What you will do:
Return, with both end lines included, exactly what the data below holds from the line with "Sabah slip on" through the line with "11 róż różowych z paprociami w wazonie", though not the pictures.

━━━ Data for review ━━━

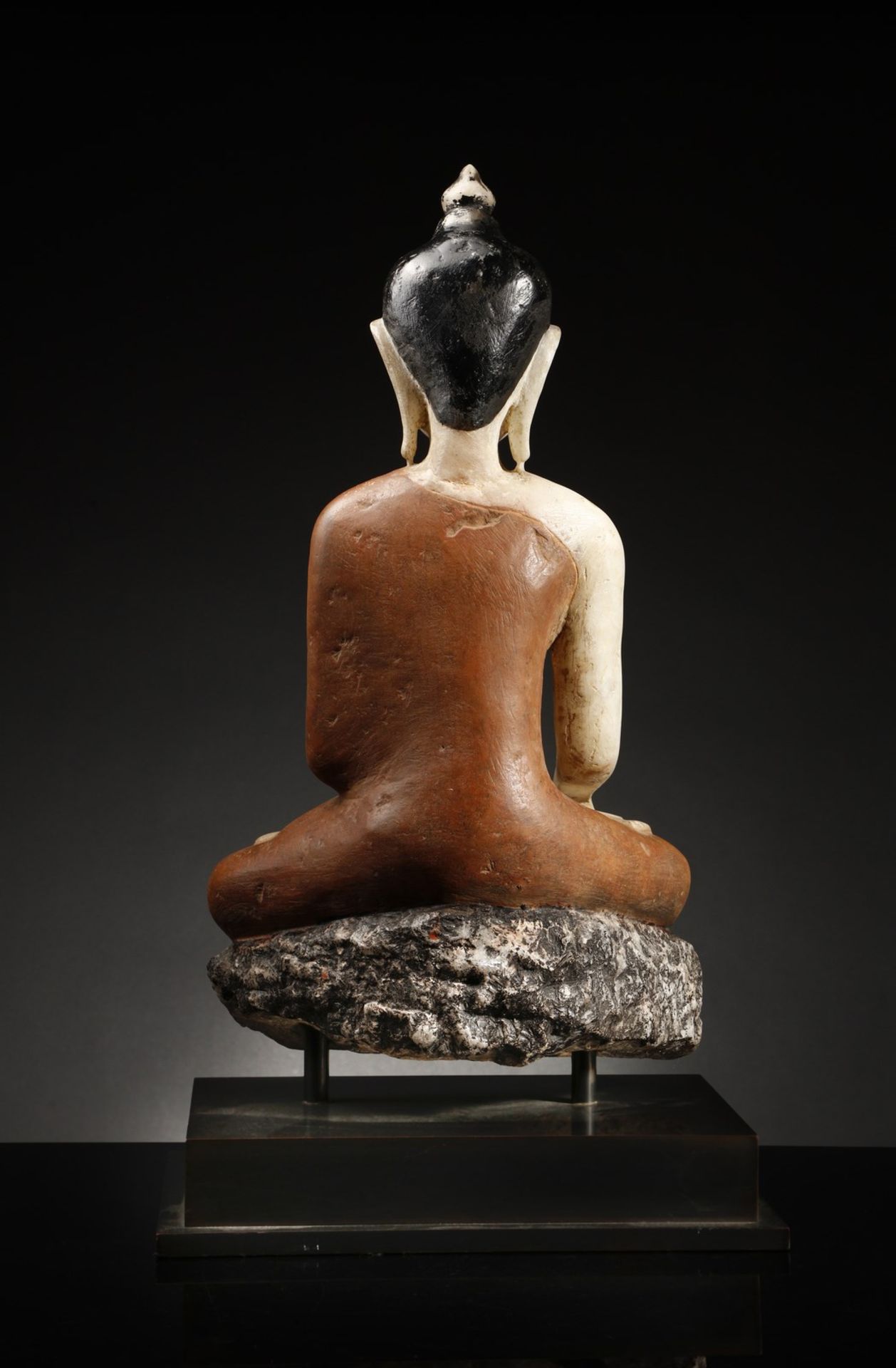 Arte Sud-Est Asiatico  A large brightly painted alabaster Buddha figureBurma, early 19th century . - Bild 6 aus 12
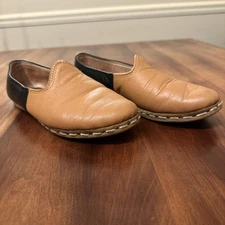 Sabah slip on loafers, Size 38 shoes black/tan leather flats Handmade In Turkey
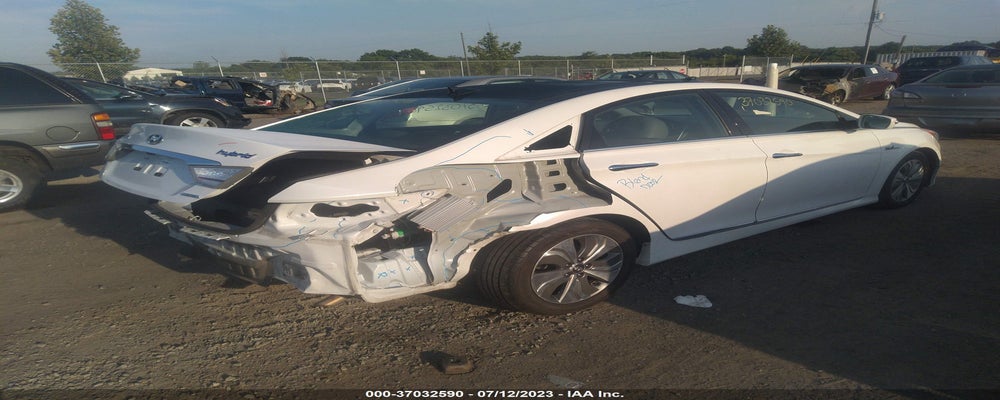 KMHEC4A49EA102643 2014 HYUNDAI SONATA photo no. 4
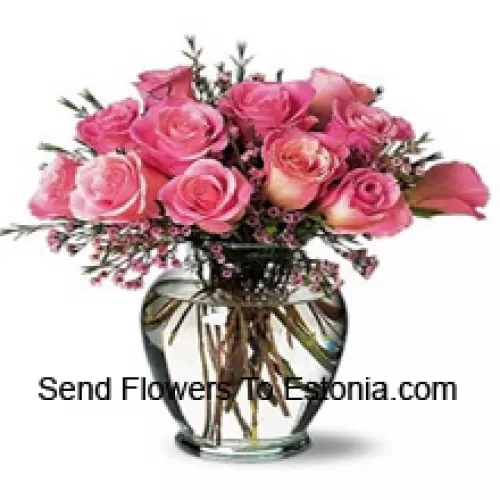 11 róż różowych z paprociami w wazonie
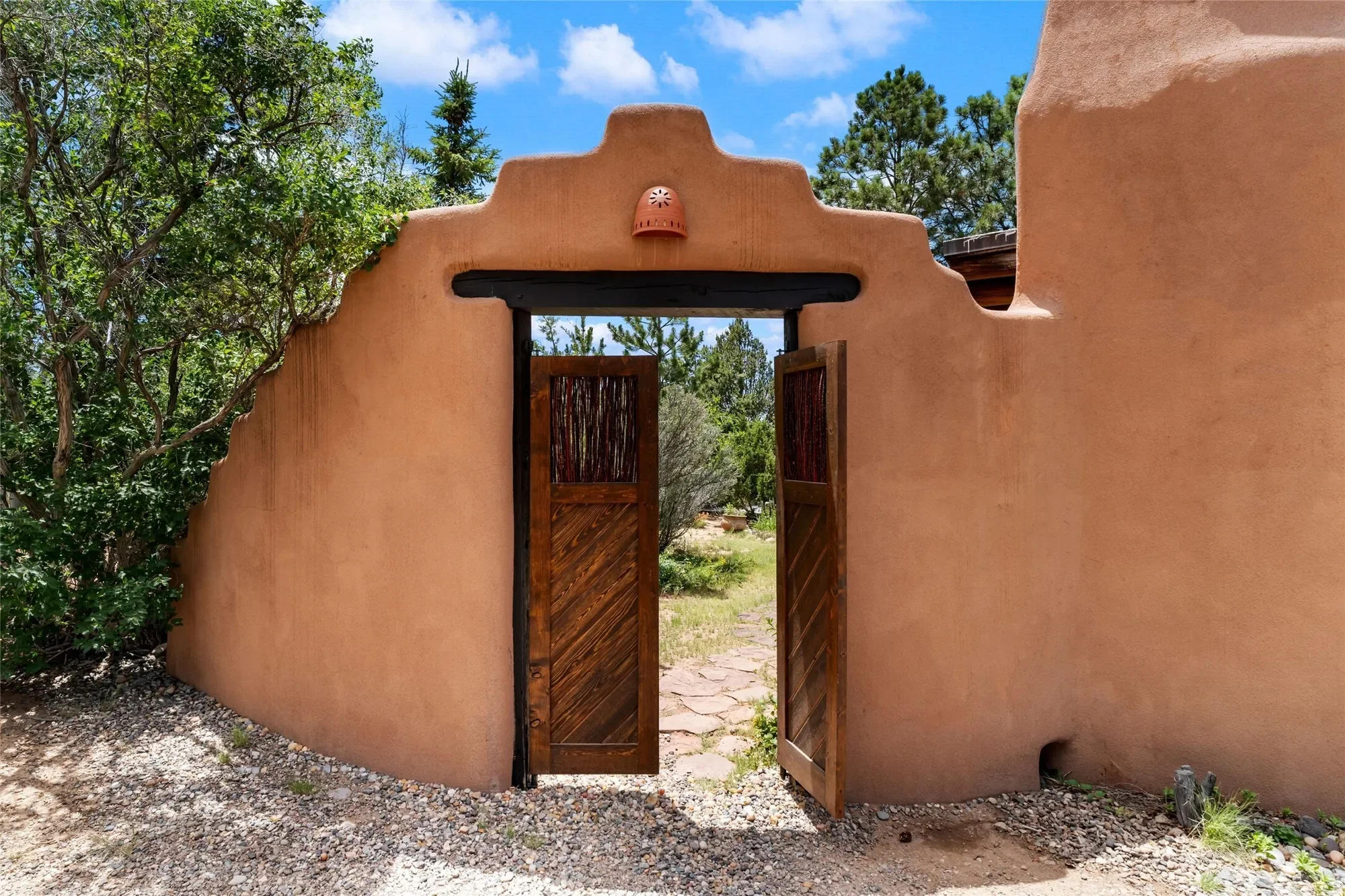 266 Tano Road , Santa Fe, NM 87506, Santa Fe, New Mexico, United States. - Photo 25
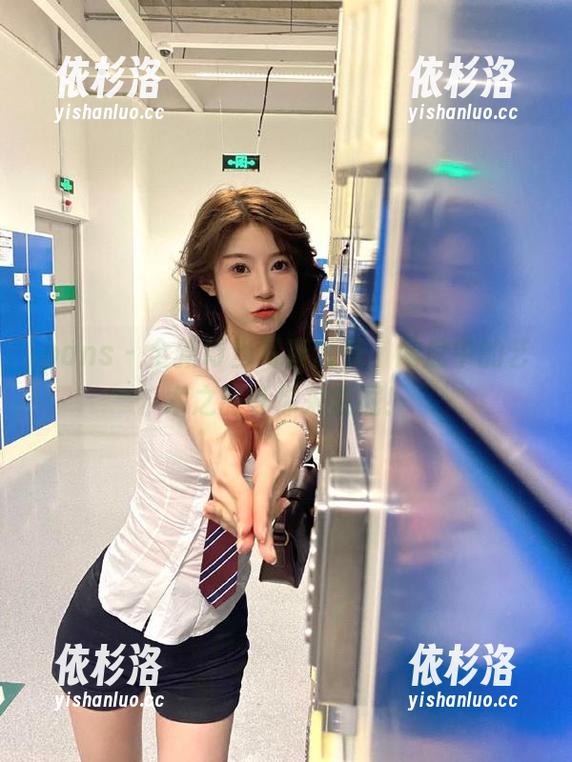 pans-叮当 pans - 全新叮当写真套装,网盘中的艺术之旅等你来发掘!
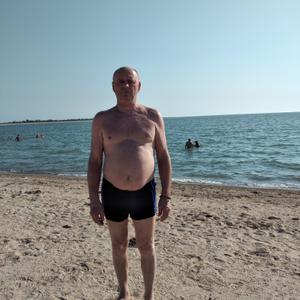 Парни в Череповце: Сергей, 63 - ищет девушку из Череповца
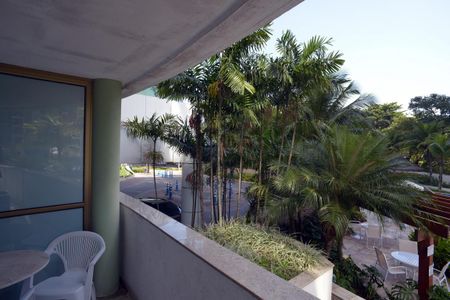 Sacada de apartamento à venda com 2 quartos, 67m² em Barra da Tijuca, Rio de Janeiro
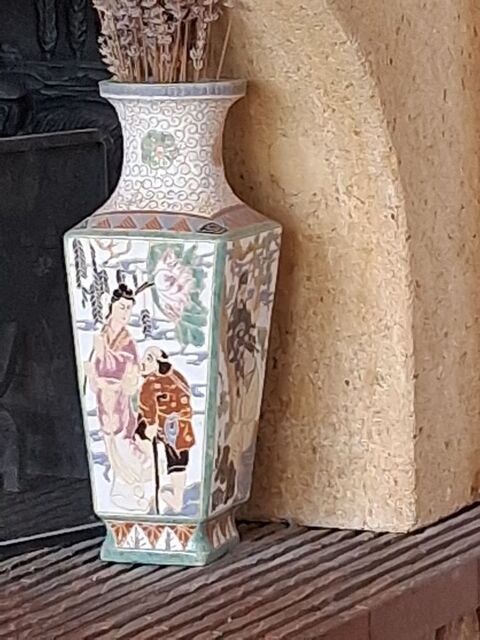 Vase asiatique Boissise-le-Roi (77)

━━━

Exercise solution:
 Sabah slip on loafers, Size 38 shoes black/tan leather flats Handmade In Turkey
 KMHEC4A49EA102643 2014 HYUNDAI SONATA photo no. 4
 11 róż różowych z paprociami w wazonie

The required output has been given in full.